If you want to try AwesomeWM, but don't want to risk going crazy from setting up xinit scripts or scrapping all that vanilla Gnome install gives you, follow this wiki article and it'll side side-by-side in Gnome: http://awesome.naquadah.org/wiki/Quickly_Setting_up_Awesome_...
I get NetworkManager support, audio support, bluetooth, and battery life all out of the box. As long as you're not a purist about what's running in your WM and what's not, this setup works great with little risk/time investment.
http://irradiatedsoftware.com/sizeup/
It's not a tiling WM, but augments the standard OS X window management keyboard shortcuts with grid stuff, and doesn't have any odd side effects with GUI apps.
Personally I think OS X and its app population comfortably swing the overall usability balance vs desktop Linux so I won't follow your footsteps :-)
Being able to have windows automatically be positioned is key to the tiling wm, I feel. It allows you to have a layout work as you'd expect without fumbling or thinking about it.
I do agree about the inaccessibility of desktop Linux (though it seems to be getting so much better these days!). A previous co-worker of mine uses AwesomeWM every day inside of a VMWare instance with Mac hotkeys disabled and loves doing that. Might want to give that a shot if you like what SizeUp gives you.

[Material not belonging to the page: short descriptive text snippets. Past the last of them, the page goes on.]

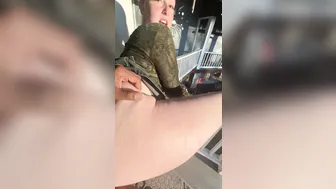 Pawg_Redhead, Sucking And Fucking Bbc On The Public Balcony Until Someone Could Look Up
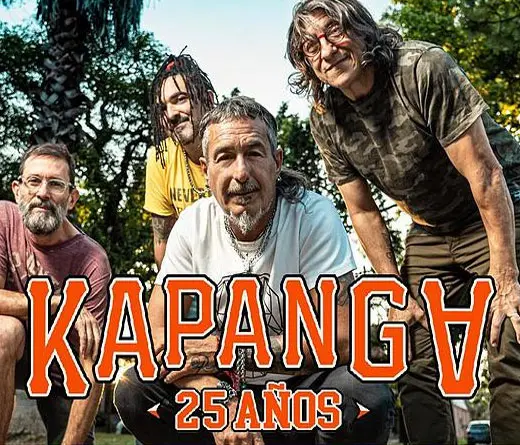 Kapanga - Gira barrial de Kapanga 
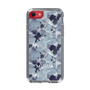 Slim Protection Case［ MURUA - Art print - Gray ］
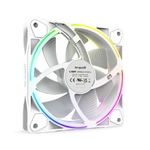 BE QUIET Light Wings ARGB PWM 120mm Blanc pack de 3 infinytech Réunion 02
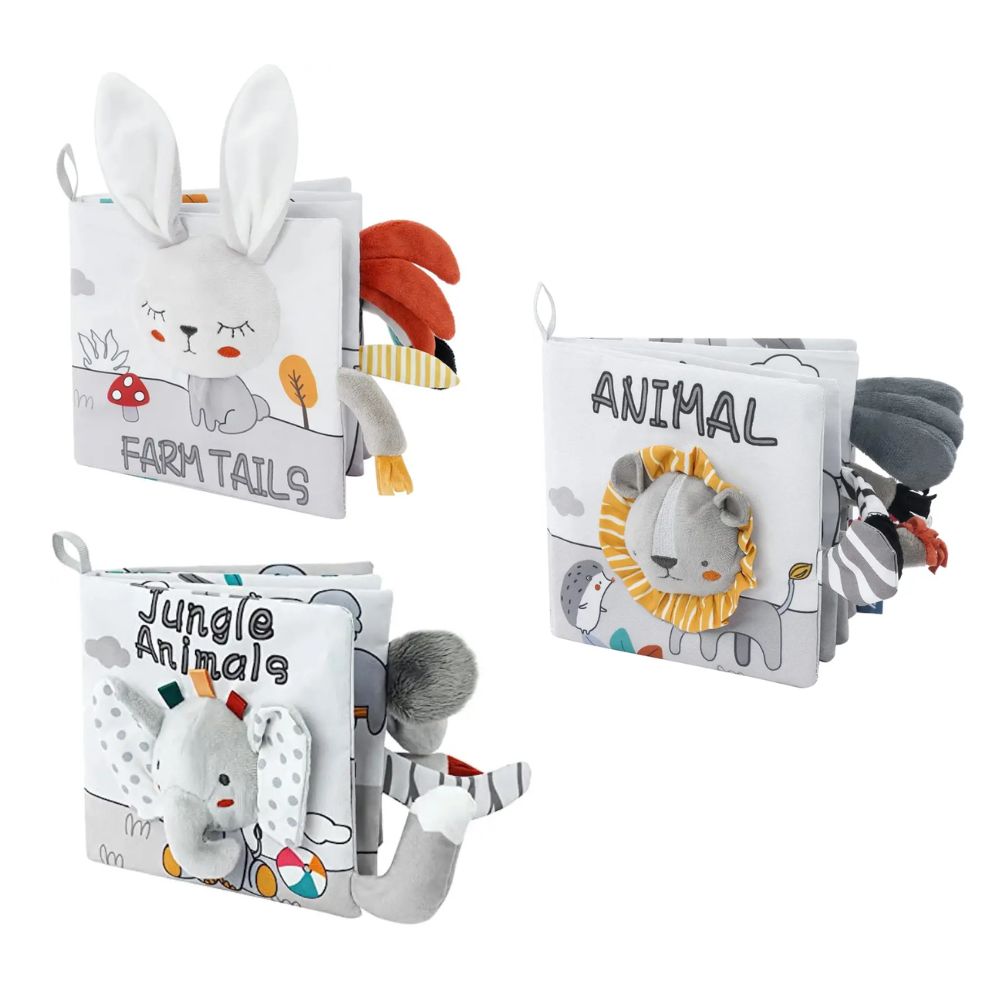 Baby Adventure Soft Book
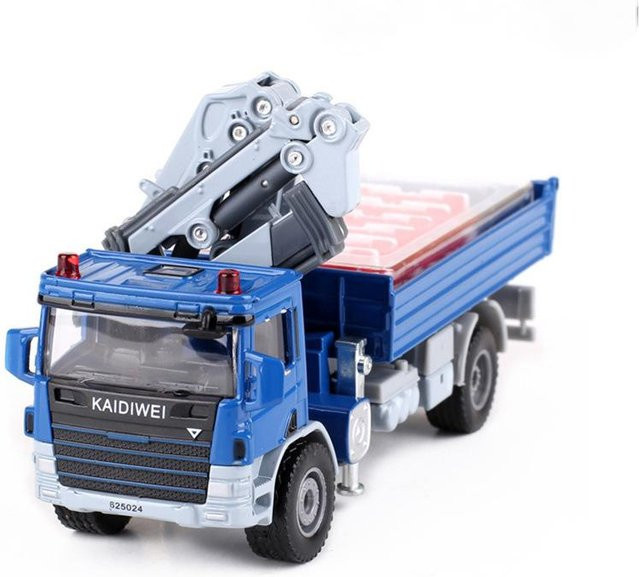 Kdw Ingenieurfahrzeug, LKW Baufahrzeug, Druckguss Metallmodell, 1:50, ab 14 Jahren - Bild 1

(Did I mentioned I can't bother using Eclipse/Netbeans/VS? Now I did.)
But I still need a classic WM for some tasks (unfortunately).
If you don't like the GHC dependency, then install xmonad & GHC, customize Xmonad to your liking, and then compile your xmonad.hs to a static binary (in the same way you would any other Haskell program). There, now you don't need GHC anymore and can remove it.
(What's that? You lose the ability to customize/recompile your xmonad.hs? But this is exactly true if you replace 'dwm' for 'xmonad' and 'gcc' for 'ghc'. And I'm not sure how one would make a static awesome binary, because of the Lua stuff.)
(I've been using xmonad and NM on my laptop since xmonad 0.3 or something like that, which should be 3 years now, wow.)